И в результате такой самоотдачи ценность их труда поднялась до государственного уровня. А работу с «компьютером» тех лет – с простыми дедовскими счётами – эти люди (и я с ними!) довели до совершенства. Наши руки так будто автономно – самостоятельно играючи выполняли любое арифметическое действие, а мы при этом переговаривались между собой на совершенно отвлеченные темы.
Чтобы не осточертела такая работа ради работы, мы часто устраивали профессиональные соревнования и горячие дискуссии. И еще Иван Андреевич, заместитель главного бухгалтера, немец на высылке и потому тоже гражданин «второй категории», пропагандировал наши методы и саму систему среди коллег на других шахтах. Там и я получил свою долю профессиональной подготовки и навыков, что оказалось бесценным приобретением.
Кроме того, в этой зоне я вместе с «земляками» по Аяч-Ягинскому лагерю пережил великий душевный подъем: дни «Большого сабантуя» – бунта всех режимных лагерей Воркуты.
«Контрикам» терять было нечего, и наши шахты единодушно присоединились к забастовке с требованиями свободы. Для переговоров с шахтерами приезжали Генеральный прокурор СССР Руденко в сопровождении заместителя министра внутренних дел генерала Масленникова. И заключенные без всякого страха и сомнения высказывали в глаза высокому начальству все, что думали о власти в стране и о самих гостях.

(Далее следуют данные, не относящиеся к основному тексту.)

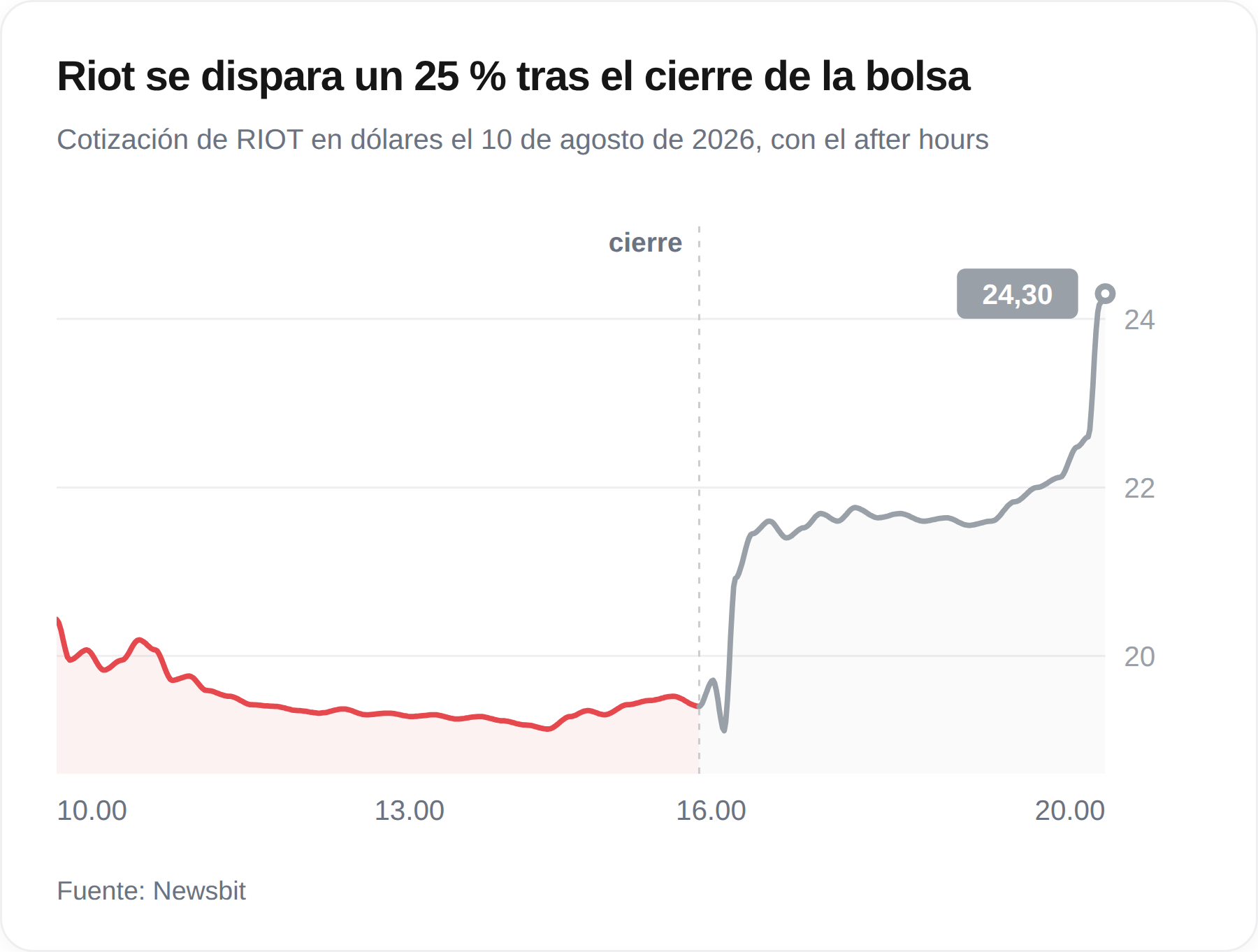 Gráfico de la cotización de Riot Platforms el 10 de agosto de 2026, con un salto hasta los 24,30 dólares en la negociación tras el cierre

А потом по команде блюстителей порядка солдаты расправились с бастующими жестоко и с большой кровью. Зачинщиков так и не выявили. Руководителей бунта установить тоже оказалось невозможно.

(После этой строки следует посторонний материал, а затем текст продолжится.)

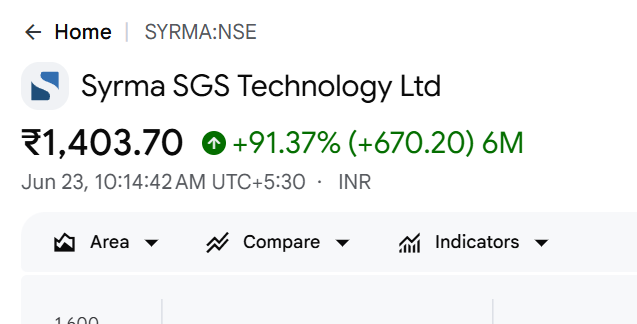 1big_bull's tweet photo. Syrma SGS up 91% in last 6 months. 

#Syrma #SyrmaSGS https://t.co/7U53tbZDLL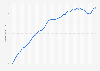 U.S. city average Consumer Price Index (CPI) for cosmetics and perfume preparations in the United States from 1980 to 2024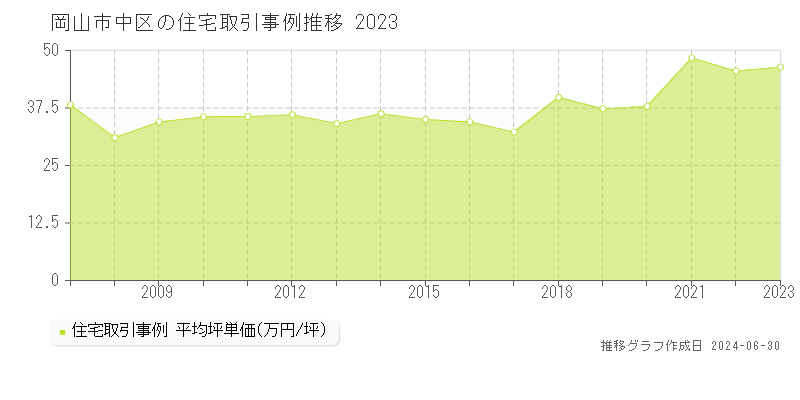 岡山市中区の住宅取引事例推移グラフ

И чекисты провели очередной курс селекции – искусственного отбора. Они просто отобрали несколько тысяч человек – самых лучших, самых светлых, идейных и энергичных – и увезли из Воркуты куда-то в неизвестность. С теми, кто остался, уже было легко и просто разговаривать с позиции силы.
Никто не знает, остались ли живы люди того исторического этапа на юг. Бунтарей на всех пересыльных пунктах встречали как героев. Их эмоциональный подъем был так ощутим, их энергия была такого высокого напряжения, что казалось, даже мощные кирпичные стены пересыльных тюрем вибрировали из солидарности.
Пересыльные тюрьмы гудели в общем порыве протеста. Надзиратели, растерянные и жалкие, предпринимали особые меры предосторожности: воркутинцев из вагонов привозили в «воронках» только глубокой ночью, помещали в изолированные корпуса.
И я был в этом этапе и позже описал те события в повести «Большой сабантуй». В Москве меня отделили от остальных и повезли по другой дороге: через пересылки Харькова и Киева в Винницу. И водворили там во внутренний корпус для политических заключенных областной тюрьмы. Привезли, как оказалось, специально на встречу с товарищами по НТС и НРП.